ASIA raises money for Philippines relief funds


Photo: Evan Walsh

In early Nov. 2013, a Category 5 typhoon devastated the Philippines, leaving millions homeless and over 5,000 dead. Now, a few months later, the recovery process from Typhoon Haiyan has only begun.

On Wednesday, Emerson hosted the “Sun After the Storm: Philippines Fundraiser” in the Cabaret. Asian Students for Intercultural Awareness, or ASIA, and the Office of Multicultural Student Affairs sponsored the event. ASIA is one of the many multicultural organizations on campus that aims to spread awareness of various Asian cultures.

The fundraiser was a night filled with comedy, music, and entertainment. Admission was $5, and ASIA sold t-shirts for $10. All of the money raised went to Doctors without Borders, an organization that sets up relief funds for people who have experienced disasters like Typhoon Haiyan. Overall the event raised a little over $100 with just over 20 attendees.

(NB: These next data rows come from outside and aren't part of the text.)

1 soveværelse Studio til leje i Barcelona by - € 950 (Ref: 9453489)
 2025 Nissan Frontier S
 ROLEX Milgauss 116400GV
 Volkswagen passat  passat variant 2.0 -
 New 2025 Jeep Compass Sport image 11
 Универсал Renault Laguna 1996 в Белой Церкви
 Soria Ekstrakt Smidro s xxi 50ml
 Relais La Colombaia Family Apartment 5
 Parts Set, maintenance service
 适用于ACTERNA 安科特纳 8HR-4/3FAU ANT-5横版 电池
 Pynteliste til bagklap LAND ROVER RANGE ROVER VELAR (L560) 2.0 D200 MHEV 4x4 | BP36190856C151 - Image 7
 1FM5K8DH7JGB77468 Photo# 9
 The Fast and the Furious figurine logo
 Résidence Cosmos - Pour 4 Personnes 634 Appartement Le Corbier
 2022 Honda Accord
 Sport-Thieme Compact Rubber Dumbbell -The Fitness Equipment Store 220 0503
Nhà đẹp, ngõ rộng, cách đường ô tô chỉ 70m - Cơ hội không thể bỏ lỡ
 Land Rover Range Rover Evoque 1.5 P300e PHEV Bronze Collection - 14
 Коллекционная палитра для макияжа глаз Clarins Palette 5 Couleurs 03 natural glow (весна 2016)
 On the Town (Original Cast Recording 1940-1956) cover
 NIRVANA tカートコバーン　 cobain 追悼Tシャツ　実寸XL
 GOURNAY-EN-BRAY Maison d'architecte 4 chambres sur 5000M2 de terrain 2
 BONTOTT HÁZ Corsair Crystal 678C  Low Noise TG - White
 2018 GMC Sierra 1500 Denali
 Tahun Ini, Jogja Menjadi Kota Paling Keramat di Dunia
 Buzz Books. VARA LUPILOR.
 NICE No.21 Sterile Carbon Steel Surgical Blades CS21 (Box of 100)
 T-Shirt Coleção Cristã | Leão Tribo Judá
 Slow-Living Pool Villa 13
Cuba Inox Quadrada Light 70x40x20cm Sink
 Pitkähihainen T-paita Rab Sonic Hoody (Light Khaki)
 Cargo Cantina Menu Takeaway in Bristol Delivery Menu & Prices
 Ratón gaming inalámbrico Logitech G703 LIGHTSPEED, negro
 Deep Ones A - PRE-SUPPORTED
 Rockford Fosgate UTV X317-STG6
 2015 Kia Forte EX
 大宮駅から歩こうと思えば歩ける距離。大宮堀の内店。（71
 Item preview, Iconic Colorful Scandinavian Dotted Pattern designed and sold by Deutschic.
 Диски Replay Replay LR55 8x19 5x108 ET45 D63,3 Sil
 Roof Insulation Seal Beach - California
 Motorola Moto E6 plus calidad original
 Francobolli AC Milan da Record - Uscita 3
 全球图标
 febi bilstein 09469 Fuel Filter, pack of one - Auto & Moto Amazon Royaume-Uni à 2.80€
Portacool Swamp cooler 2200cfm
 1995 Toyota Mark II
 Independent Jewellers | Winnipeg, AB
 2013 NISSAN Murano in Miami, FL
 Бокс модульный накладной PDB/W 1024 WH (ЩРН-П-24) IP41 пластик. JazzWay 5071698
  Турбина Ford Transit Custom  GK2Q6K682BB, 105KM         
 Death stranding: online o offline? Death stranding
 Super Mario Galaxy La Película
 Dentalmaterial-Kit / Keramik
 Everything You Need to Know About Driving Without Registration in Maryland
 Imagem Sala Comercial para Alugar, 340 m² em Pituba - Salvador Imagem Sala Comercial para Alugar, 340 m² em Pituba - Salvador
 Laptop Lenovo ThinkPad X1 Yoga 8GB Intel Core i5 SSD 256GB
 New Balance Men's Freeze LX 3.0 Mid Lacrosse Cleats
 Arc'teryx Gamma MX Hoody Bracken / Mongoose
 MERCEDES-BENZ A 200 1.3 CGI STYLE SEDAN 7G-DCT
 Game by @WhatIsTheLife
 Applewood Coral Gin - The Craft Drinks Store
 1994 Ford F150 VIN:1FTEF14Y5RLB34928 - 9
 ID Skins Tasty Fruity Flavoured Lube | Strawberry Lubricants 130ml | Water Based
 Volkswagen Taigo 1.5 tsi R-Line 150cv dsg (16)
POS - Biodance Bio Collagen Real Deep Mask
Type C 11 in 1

The comedy troupe Stroopwafel opened the performance with two different improv acts. Alexandra Bender danced and sang self-written parody songs of Ke$ha and Lady Gaga, while Sean Clampett later rapped. Multiple members of the comedy troupe Derbyn and the Drakefish performed solo acts, and a few additional comedians performed as well. Ricky Downes gave his own rendition of the song “Let It Go” from Disney’s Frozen complete with a full costume of Elsa, one of the main characters.

The night ended with the ASIA executive board calling for a group sing-a-long to “Here Comes The Sun” by The Beatles. Hope and awareness was an over-arching theme for the night, and ASIA expressed its dedication throughout the event.

“We want to make people aware of what’s going on,” said Daniel LeMar, a junior writing, literature, and publishing major, and President of ASIA. “Even if it’s something that happened in November, it’s still a continuation of efforts.”

Although the storm has long passed, the Filipino people still feel its effects. According to a recent report by the United Nations, 1 million homes are damaged and almost 2,000 people are still missing.

Sandrayati Fay, a sophomore performing arts major, said she has family and friends who live in the Philippines. She said she is thankful that her immediate family is safe, but has heard many intense stories from friends and other relatives. Fay performed last at the event, singing and playing the guitar.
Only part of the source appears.